On appeal, the CA affirmed the RTC.8 According to the CA, the records are clear that there were items in the sales invoices that were paid, but were not delivered by ETERTON. It rejected ETERTON's argument that the amount claimed by FPFC had been applied to price escalation and penalty charge, as no sufficient evidence was offered to prove the assertion. It declared FPFC's pieces of evidence sufficient to establish the claim of short delivery. The CA, however, sustained the denial by the RTC of FPFC's claim for reimbursement of the P125,168.03, representing the alleged overpricing of materials, as well as the claims for moral and exemplary damages and attorney's fees, for lack of ample proof.  The CA disposed thus:

WHEREFORE, in view of all the foregoing, the assailed decision dated June 21, 1999 of Branch 153, Regional Trial Court of Pasig City in Civil Case No. 50163 is hereby AFFIRMED with MODIFICATION that the award of attorney's fees is DELETED.

SO ORDERED.9

ETERTON filed a motion for reconsideration, but the CA denied it on October 1, 2007.10

ETERTON is now before us faulting the CA for sustaining FPFC's claim for excess payment on account of short delivery. It contends that the CA was clearly oblivious of the provisions of the Letter-Agreement dated November 17, 1980 and Amendatory Letter-Agreement dated March 4, 1981 on the price escalation schedule applied for deliveries each month. It asserts that there were instances where ETERTON made deliveries of asbestos cement pipes but FPFC was not in a position to accept them. ETERTON was thus constrained to return them to their stockyards. When FPFC accepted the deliveries, the prices of the asbestos cement pipes had increased, and thus, it was charged based on the escalated prices. ETERTON assails the probative value and weight given by the RTC and the CA to FPFC's pieces of evidence.

The appeal lacks merit.

It is evident that the issue raised in this petition is the correctness of the factual findings of the RTC and the CA. In petitions for review on certiorari under Rule 45, only questions of law may be raised by the parties and passed upon by this Court. An inquiry into the veracity of the CA's factual findings and conclusions is not the function of the Supreme Court, for this Court is not a trier of facts. Neither is it our function to reexamine and weigh anew the respective evidence of the parties.11

Both the RTC and the CA found that there was a short delivery of P104,102.67. The RTC explained in this wise:

A comparison of the quantities of goods delivered revealed that as to the goods covered by Invoice No. 71547, there is a difference of 1,980 while as to the goods covered by Invoice No. 71548, there is a difference of 1,195.

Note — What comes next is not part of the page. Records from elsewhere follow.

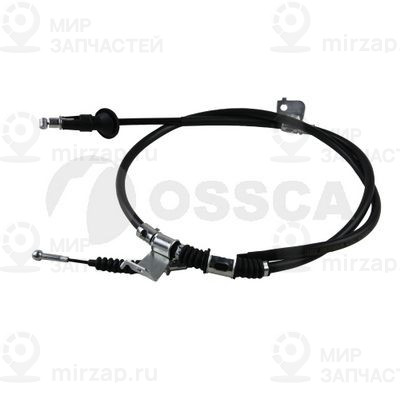 Запчасть OSSCA 71379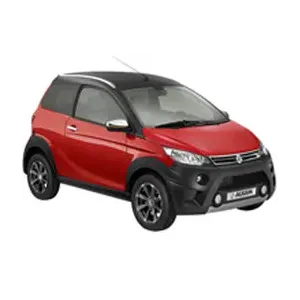 Sensation Crossline 2016-2019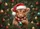 duiyfppz/products/6a463224df70213d984cd65c/gallery/-3tx_jR34e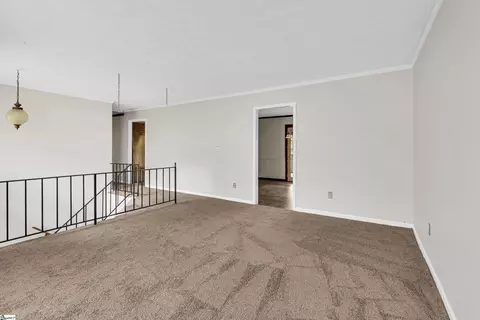320 Longview Ter, Easley, SC 29642 photo 13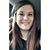Cassie Haugse's profile image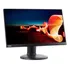 Monitor Lenovo Thinkvision S22e-18 Full Hd 21,5 Hdmi Vga Ajuste De Altura Gamer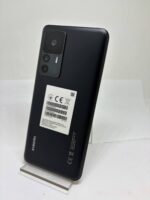 Xiaomi 12T, 8GB/128GB Black - Obrázek 5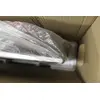 Телевизор Sony K55XR80PAEP Photo 3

[ETERTON], in its Comment/Objection to [FPFC's] formal offer of evidence contended that the gate passes and material receiving reports (Exh. "B" to "QQ" and "SS" to "FFF") are not conclusive proofs of the actual deliveries made by [ETERTON] because it can easily be distorted by not presenting one or two or more of such exhibits. However, [ETERTON] who is in possession of and from whom said gate passes originated could have easily presented concrete proof like additional gate passes to prove its contention but it failed to do so.

This Court is thus convinced that the actual deliveries made by [ETERTON] to [FPFC] are those reflected in [FPFC's] Exh. "B" to "QQ" and "SS" to "FFF" which is (sic) less than the quantities in the invoices. Therefore, as to quantities there is short delivery of 3,178.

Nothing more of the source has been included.